◆ Work to complete
Your answer is to be the exact text of the lines from the one containing "Brown's Open Curriculum 50 years picnic" through the final line of the entries, restated in full, with pictures omitted.

◆ Provided material
'''

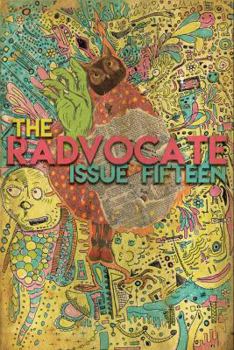 Paperback The Radvocate #15 Book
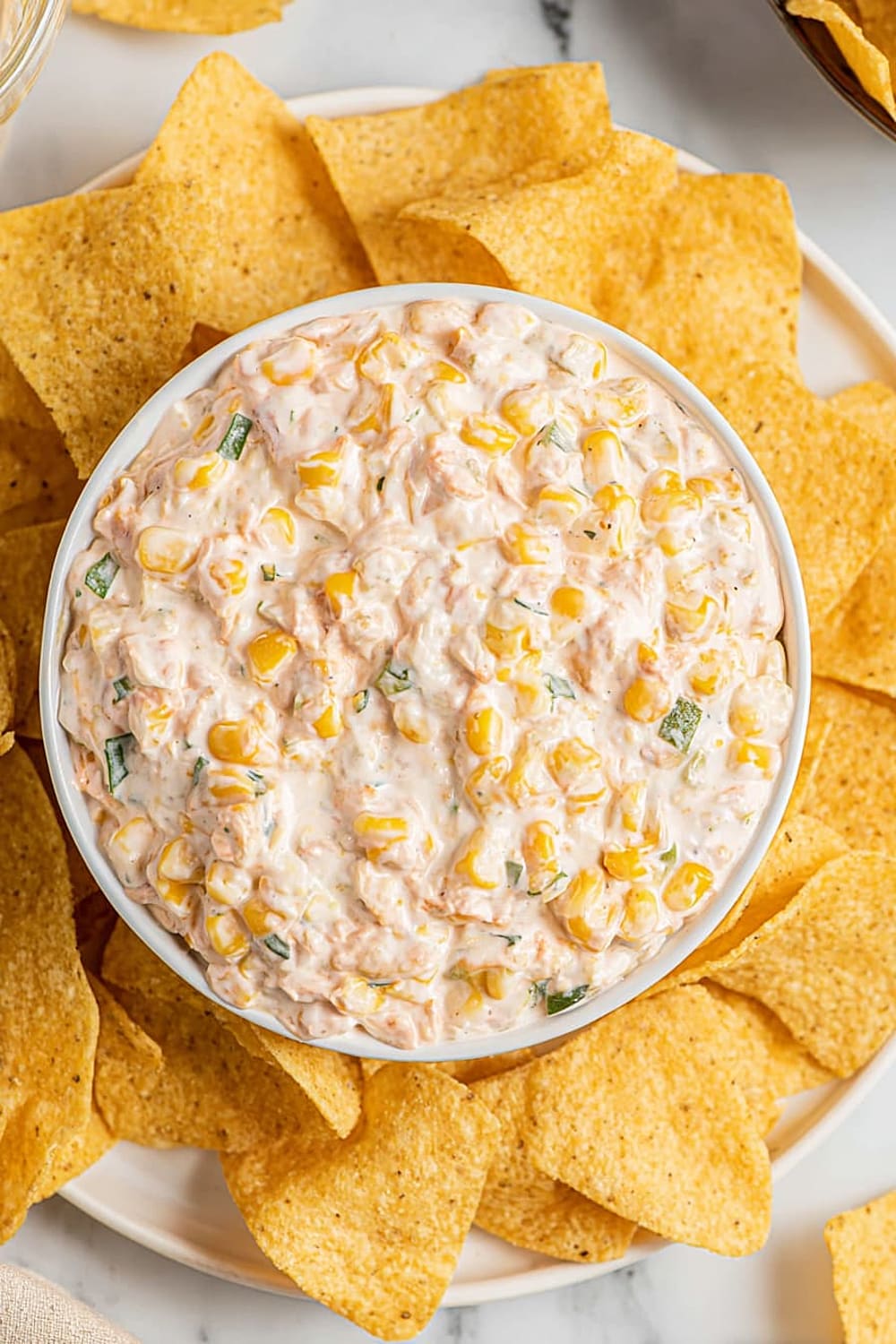 Jalapeno Corn Dip Recipe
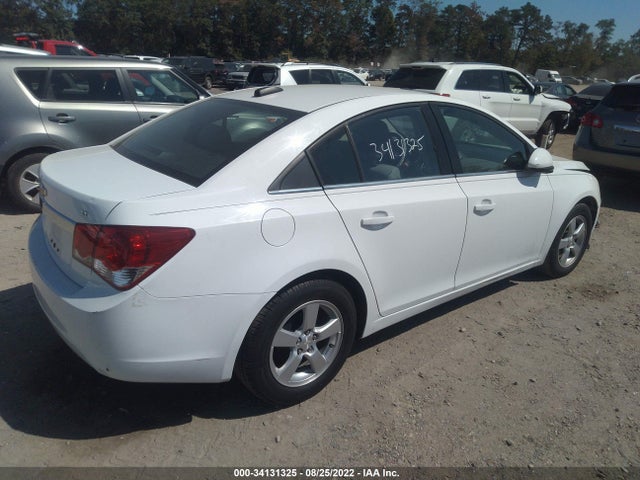 2015 CHEVROLET CRUZE LT VIN: 1G1PC5SB1F7147020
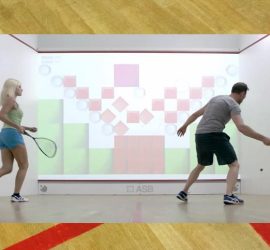 Gamification in Squash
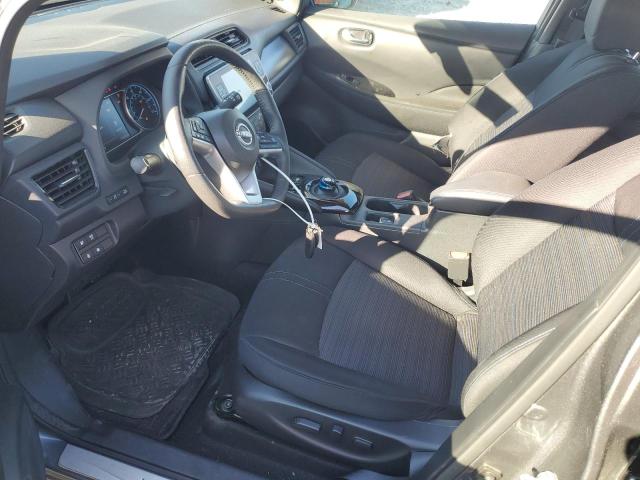 2024 NISSAN LEAF SV PL 1N4CZ1CV9RC552176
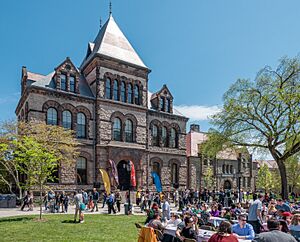Brown's Open Curriculum 50 years picnic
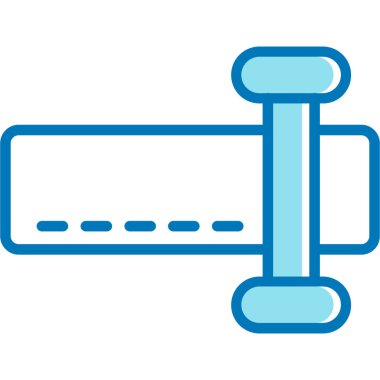 Geliştirme için Web simgesi. Vektör çizim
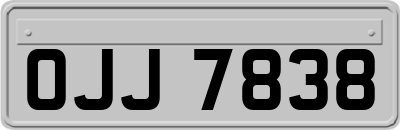 OJJ7838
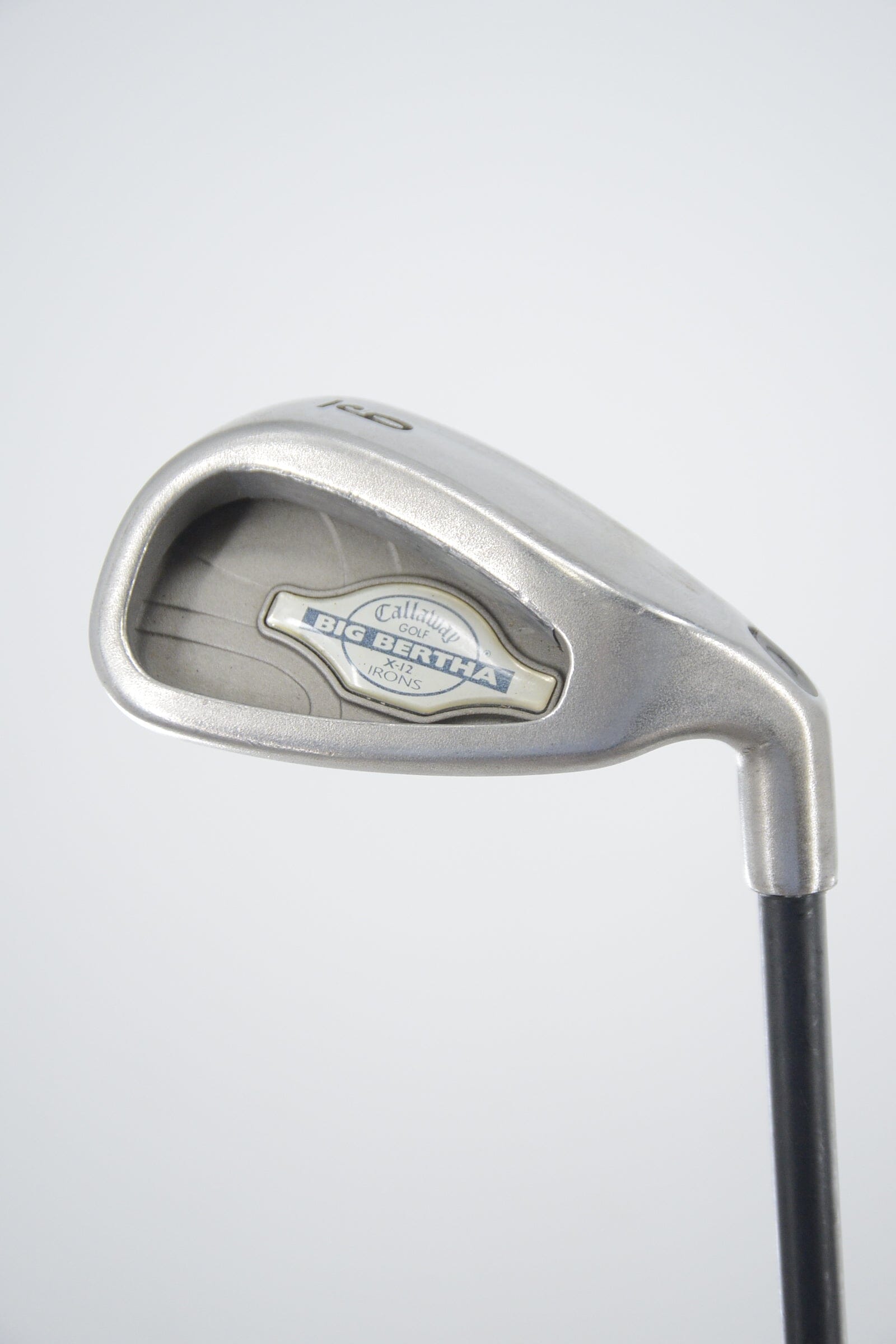 Callaway Big Bertha X-12 9 Iron SR Flex 35" Golf Clubs GolfRoots 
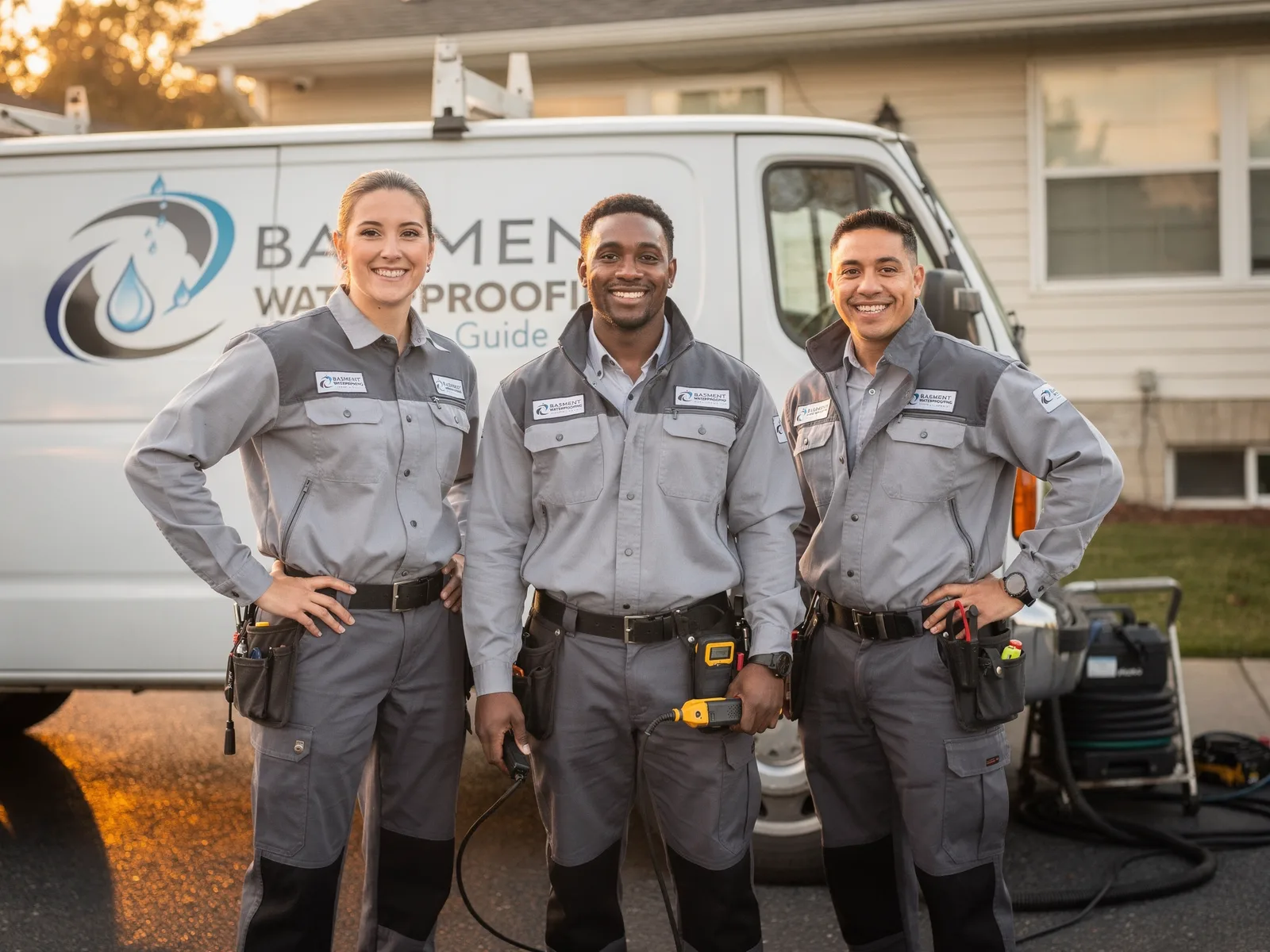 Basement Waterproofing Near Me company in South Whitley, IN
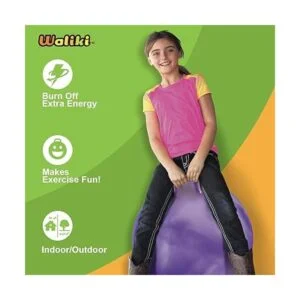WALIKI Hopper Ball para adolescentes Hippity Hop Salto_2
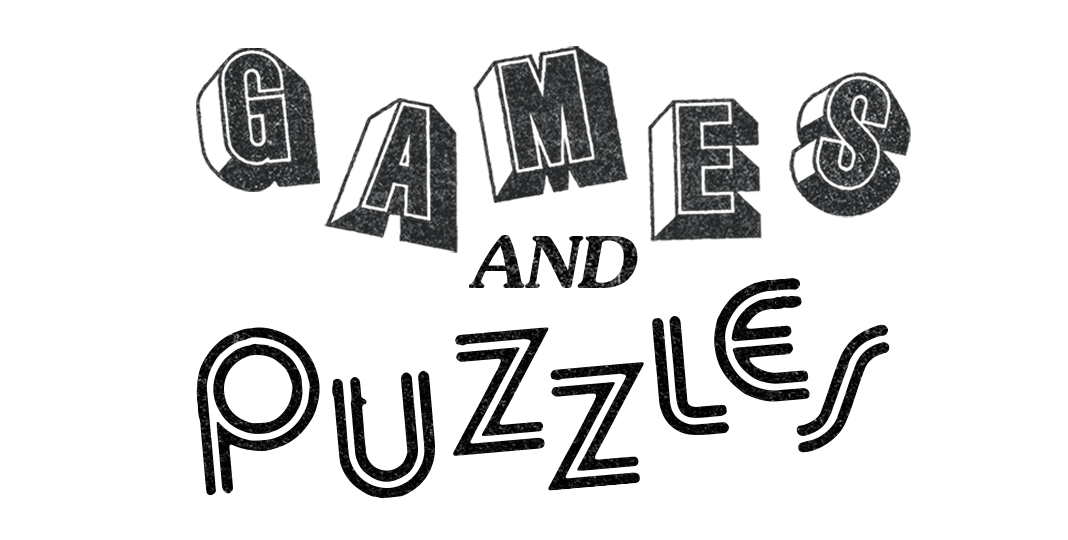 Games And Puzzles Mondo Games And Puzzles Mondo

'''

◆ Response to the task
Brown's Open Curriculum 50 years picnic
 Geliştirme için Web simgesi. Vektör çizim
 OJJ7838
 Callaway Big Bertha X-12 9 Iron SR Flex 35" Golf Clubs GolfRoots 
 Basement Waterproofing Near Me company in South Whitley, IN
WALIKI Hopper Ball para adolescentes Hippity Hop Salto_2
 Games And Puzzles Mondo Games And Puzzles Mondo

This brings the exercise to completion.